BATAVIA – Emotions were running high as parents bid their children farewell on the first day of classes at Batavia’s H.C. Storm Elementary School on Aug. 14.
The first school day is a rite of passage not only for the students but the parents too, many with tears in their eyes as they waved to their children as they lined up with classmates for their journey into the brick building.
“I love to watch the first day of school and see everyone come together,” said parent Cait Beltran.
“It’s kind of emotional,” Beltran added, but she and husband Jake seemed to be taking everything in stride as they sent off their daughter Gracie to begin Kindergarten.

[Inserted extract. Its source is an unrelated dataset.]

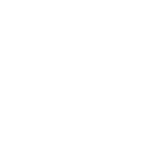 Tuesday Morning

The Beltrans have been through this experience before, with son Keegan now entering second grade.
The first day of school means both an end to summer vacation and the start of new adventures.
“Getting back into a routine after a summer of fun is a challenge but it’s also exciting for the kids,” said Mary Damitio, whose son Spencer is about to start second grade.
Inside the school, teachers immediately set about to get their students into the classroom routine and soothe away those first day jitters.
Second-grade teacher Kim Cocallas gathered her 21 new students around her and read them a book called “First Day Jitters,” a delightful school tale with a surprise ending.
“I have the best story for you,” Cocallas said. “Reading is one of my favorite things to do with second-graders.”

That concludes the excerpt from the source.